On Friday, Reuters reported that Siemens (SI) and Mitsubishi (MSBHY) are finalizing a joint offer for Alstom’s energy operation, a unit currently under formal agreement to be purchased by General Electric (GE) for $13.5 billion (€9.9 billion) enterprise value and $3.4 billion (€2.5 billion) of net cash — totaling $16.9 billion (€12.35 billion). The news service indicated that, under the Siemens-Mitsubishi bid, “Siemens would acquire Alston’s gas turbines business, while Mitsubishi would inject cash and industrial assets into a joint venture in steam turbines…Mitsubishi and the French government would take equal stakes in Alstom.” The bid is quite complex, as currently reported, and it reveals the great lengths the French government may go to halt a GE-Alstom combination out of fears of job cuts and losing energy independence (a source of national defense).
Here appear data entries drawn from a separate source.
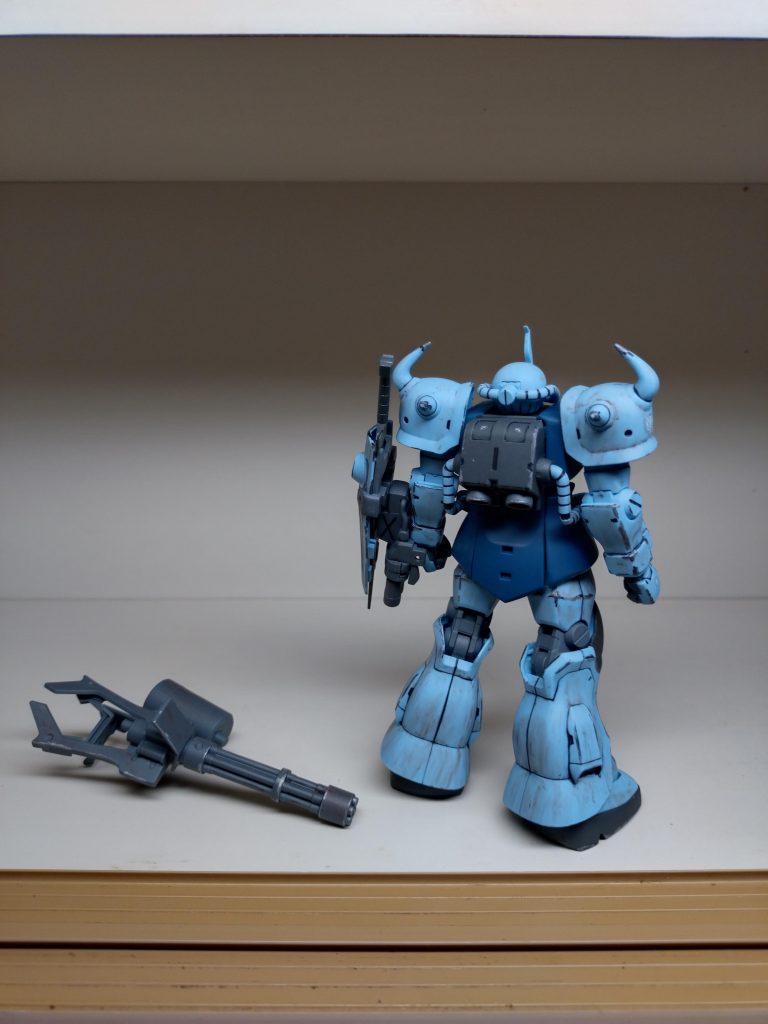 流石に疲れたので暫くは素組にしたいけど、ここまで来ると素組じゃ満足できなさそう‥‥‥SDにするか。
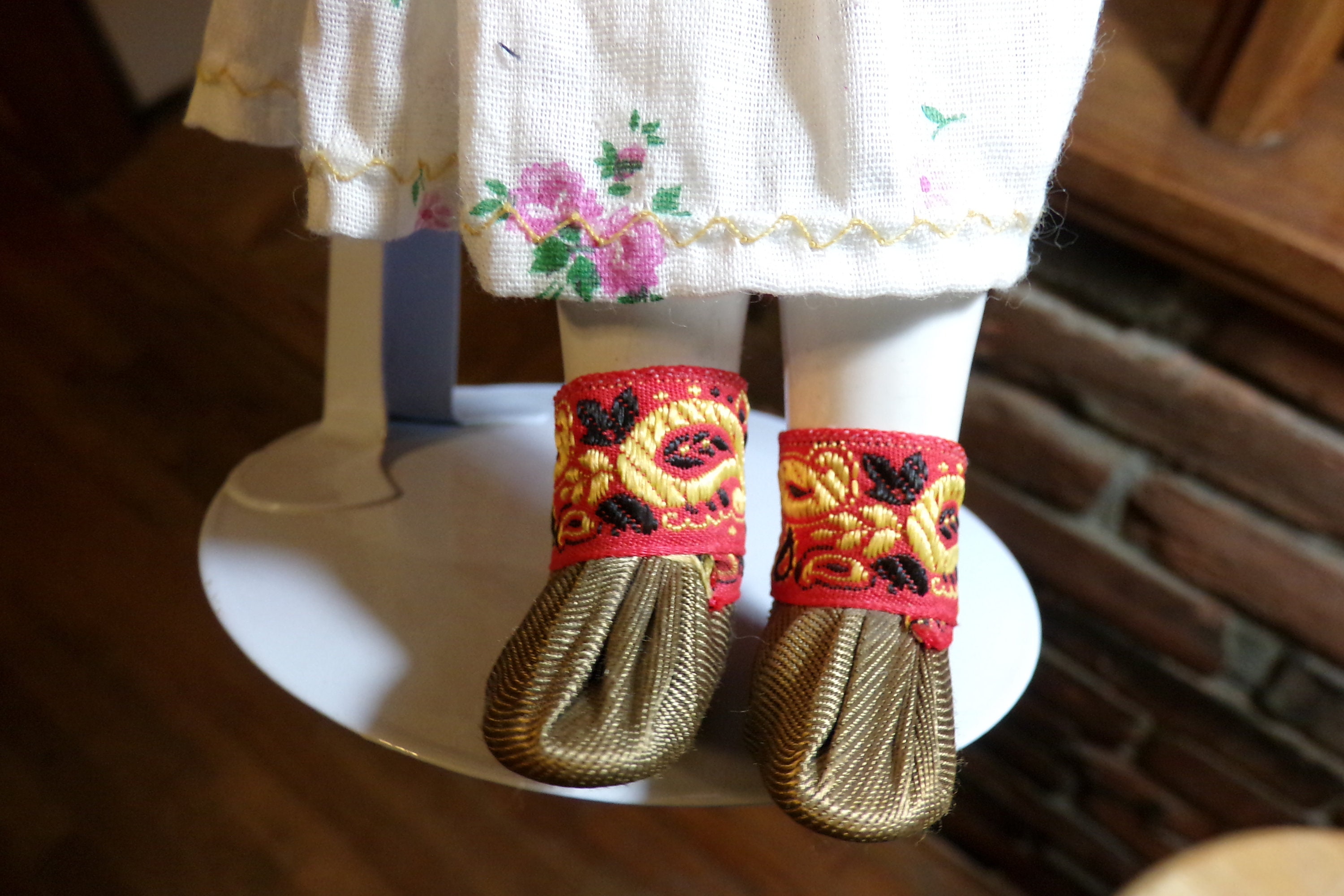 ヴィンテージ磁器製ロシア人形、19インチ民族ロシア人形、コレクター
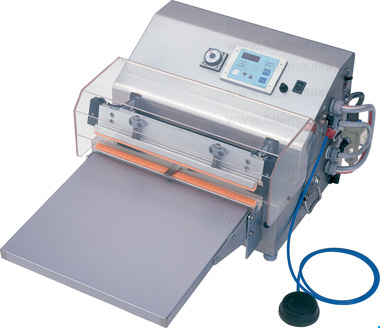 V-401NTWクリアカバーを取り付けた状態の写真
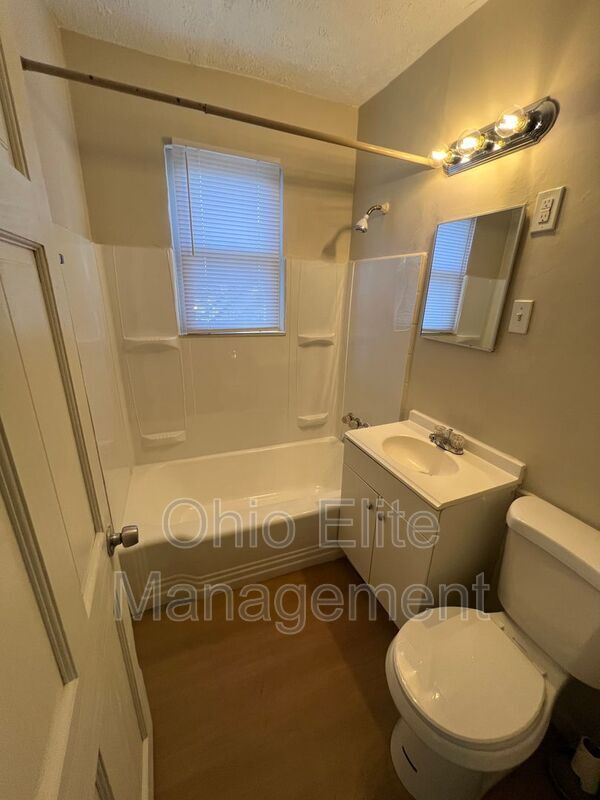Photo - 397 S Chase Ave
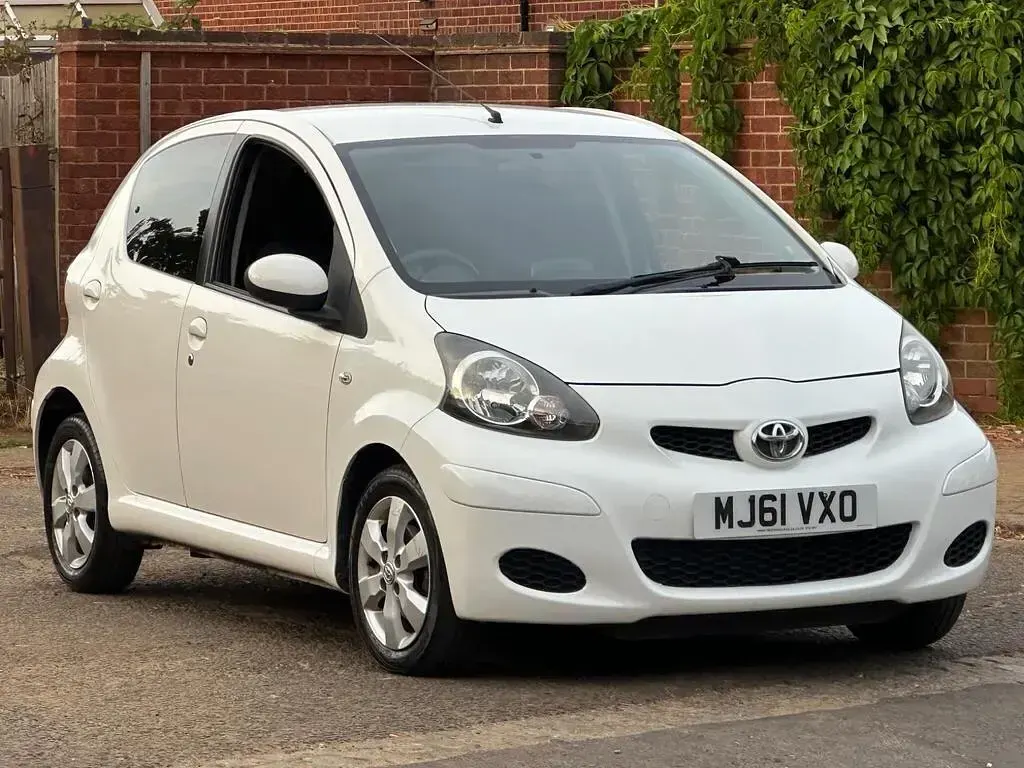 Used Toyota Aygo 68 HP (50 kW) 2011 White Hatchback
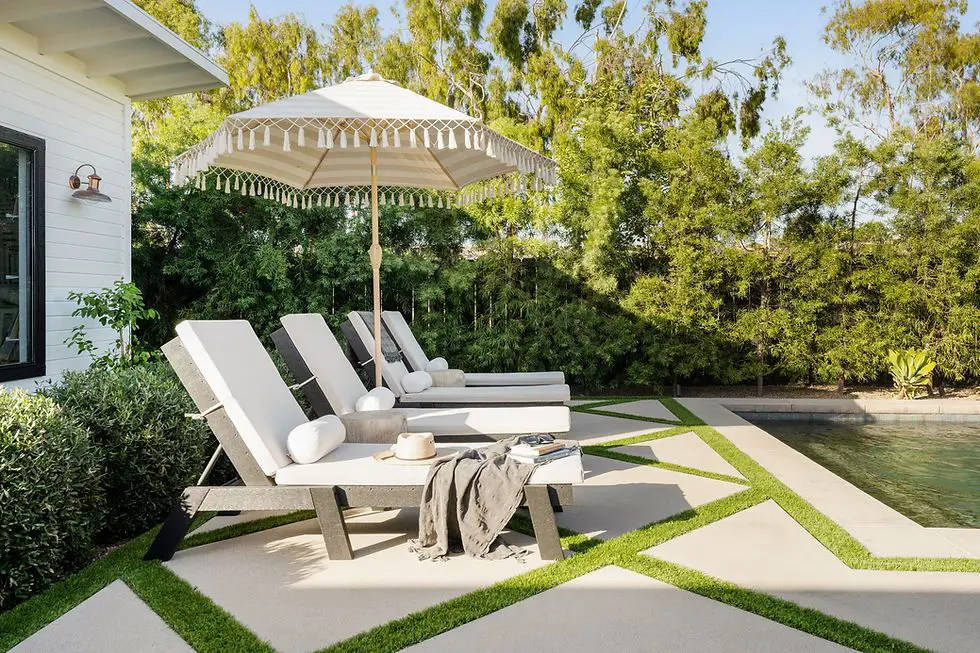 Achieving Pristine Elegance: How to Clean White Polywood Furniture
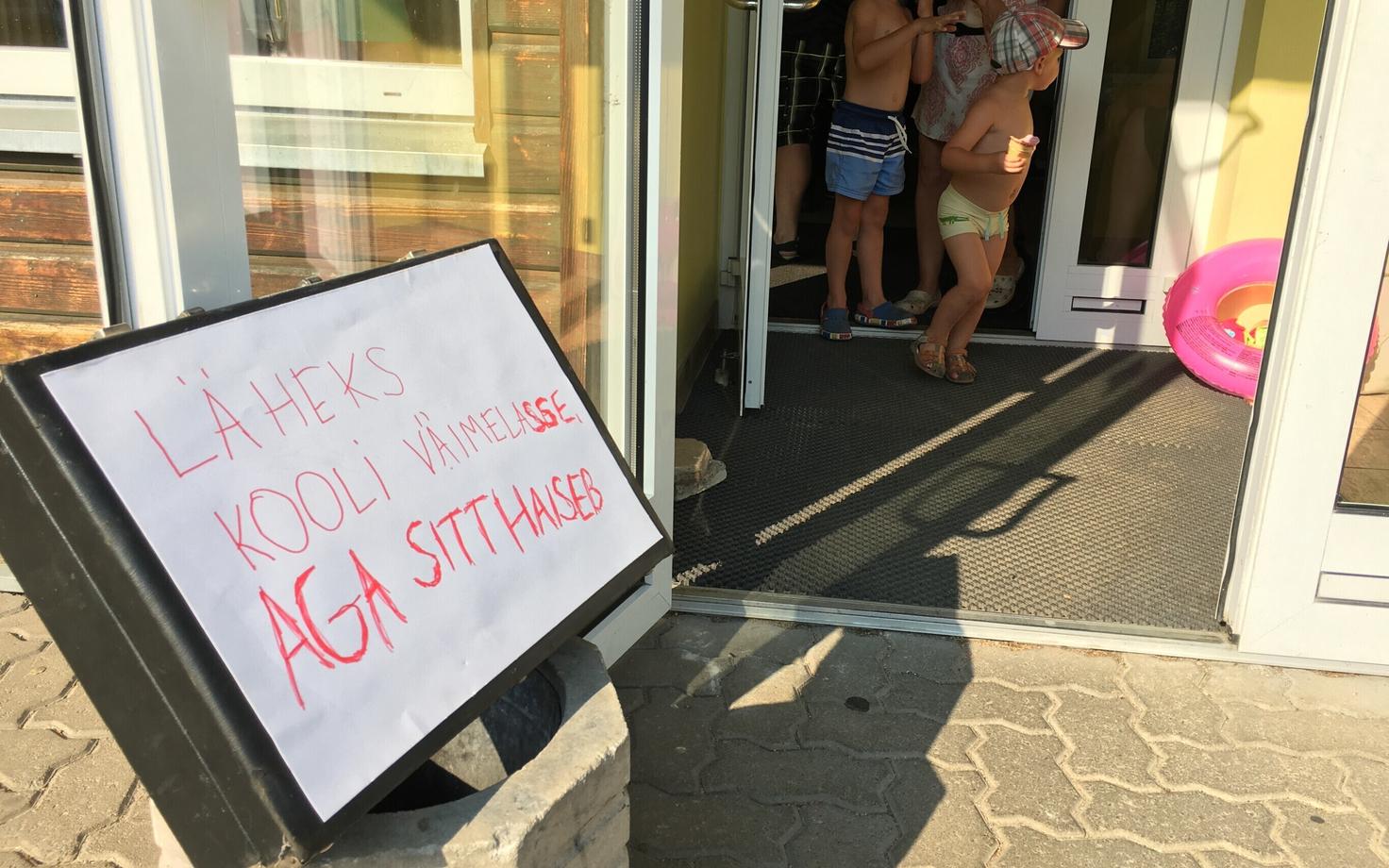 Rahvakoosolek Väimelas, elanikud on plaanitava kanalakompleksi vastu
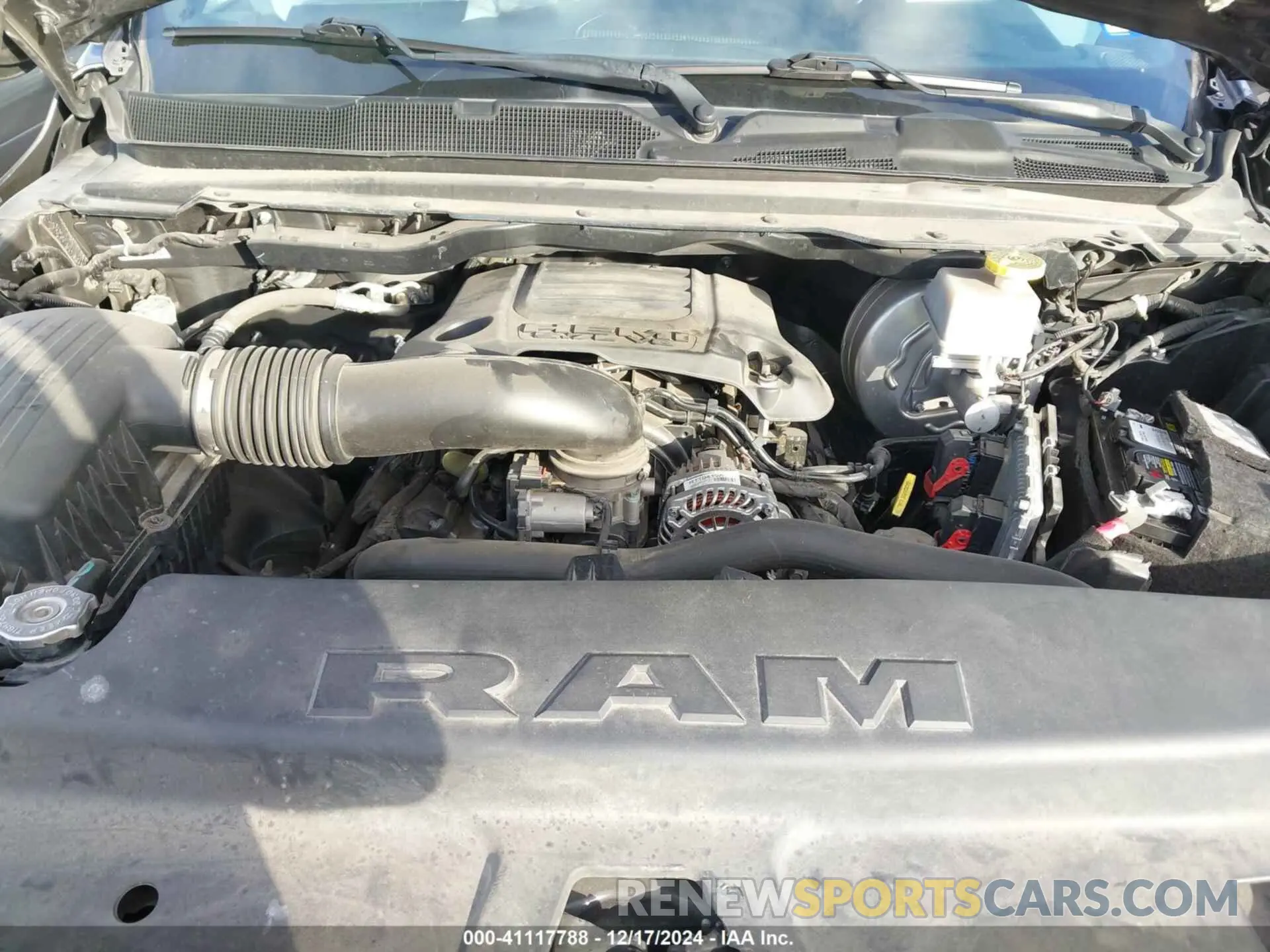 10 fotografías del automóvil dañado 1C6RREBTXNN152855 RAM 1500 2022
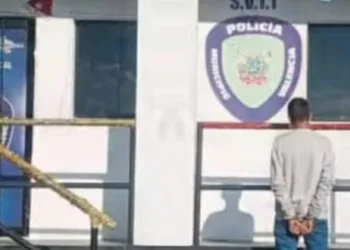 Una mujer y ocho hombres solicitados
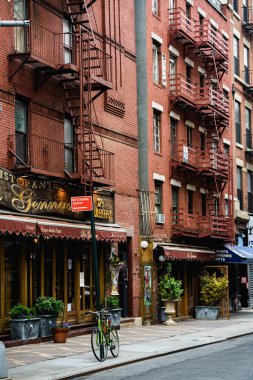 New York sokakları. Manhattan sokak manzarasının ayrıntıları. New York 'un yüksek binaları ve gökdelenleri. Manhattan sokakları. Endüstriyel şehir detayları. New York 'un boş sokakları. New York 'un eski kahverengi binaları. 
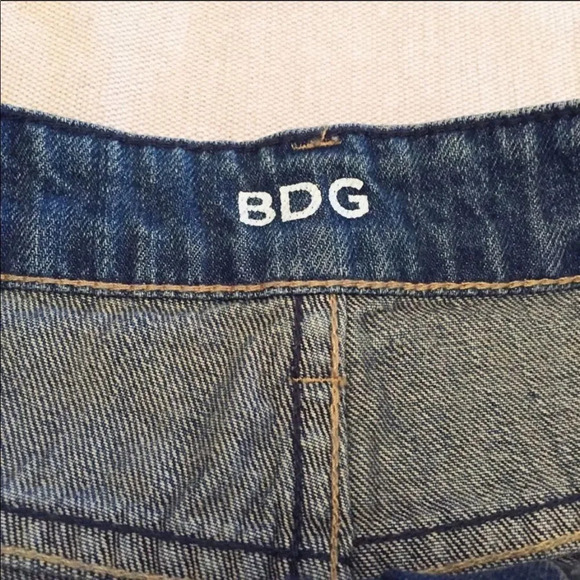 Urban Outfitters BDG High Rise Cheeky Shorts NWT - Picture 6 of 8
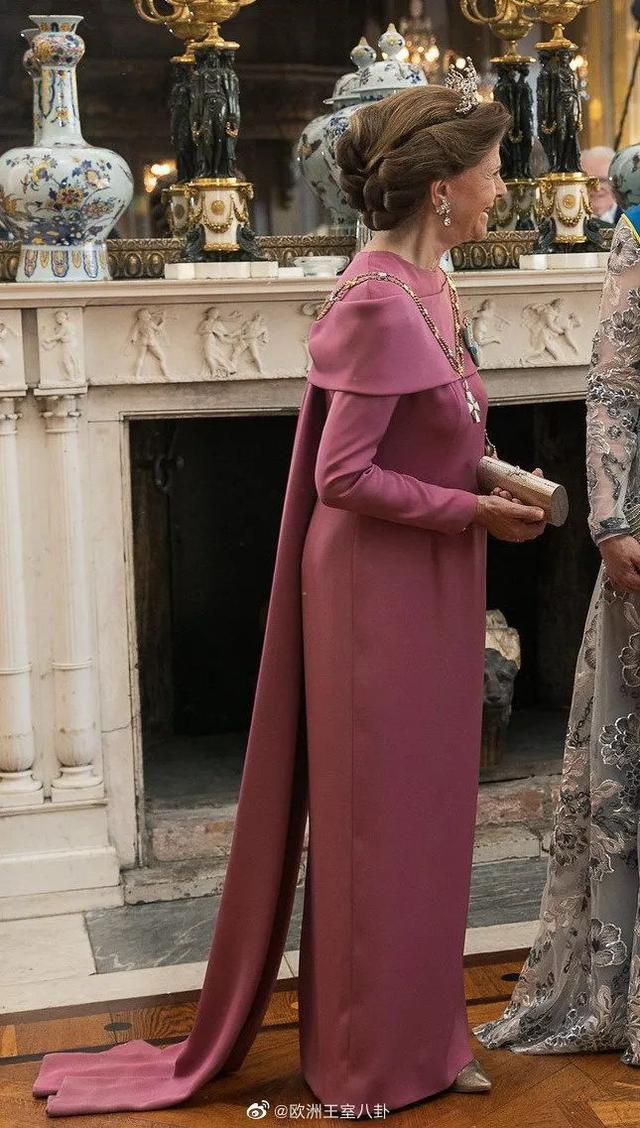 大概的确是卖点之一肌肉认人,这是西班牙王后莱蒂齐亚其他例子而正面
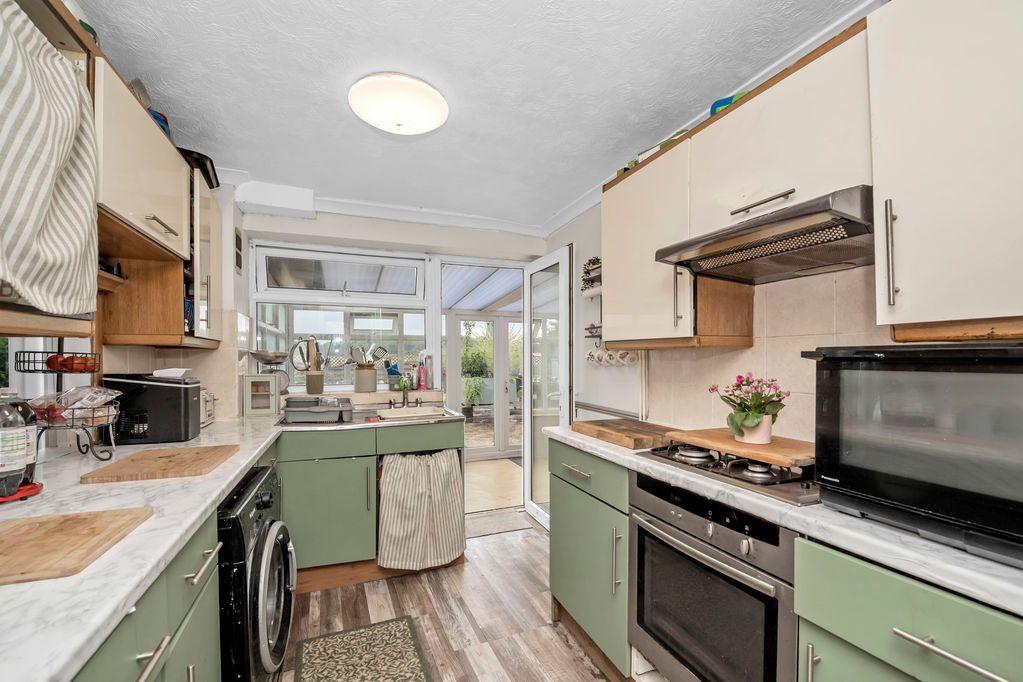 Property photo 2 of 12 Kitchen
Though French Finance Minister Michael Sapin expects a revised offer from GE that is higher than the US-based firm’s current offer price, proposed April 30, we would generally be against GE materially upping its offer solely for political reasons. However, a higher deal value could make sense for GE, but only if additional synergies are feasible and can be identified.

The GE-Alstom situation continues to be dynamic and politically-charged, and in light of the latter reason, largely unpredictable. We’re reiterating our view that, for GE, the Alstom deal is a nice-to-have transaction, not a must-win acquisition. The US industrial conglomerate could simply walk away from the proposal (if the Siemens-Mitsubishi consortium wins) and receive a nice break-up fee equal to 1.5% of its originally-proposed purchase price. Under this scenario, we would like shares of GE all the same. On an organic basis, for example, GE’s industrial backlog has never been stronger, and we like that it continues to diversify away from its riskier and relatively opaque financial operations. We also cannot forget about the strength of the company’s dividend, which yields ~3.2% at present.

That said, if GE does let political motivations dictate financial decisions, the firm could end up engaging in a textbook “winner’s curse” bid, overestimating the intrinsic value of the target. We think GE’s executive suite is far too savvy to fall into this trap, however. GE CEO Jeff Immelt is focused on the right return metrics, in our view, and we have confidence the leadership team will simply walk away from the Alstom transaction in the event the deal characteristics become value-destructive to GE shareholders. We’re monitoring new developments very closely, and we expect quite a bit of news flow on this topic in coming weeks. GE remains a holding in both the Best Ideas portfolio and Dividend Growth portfolio.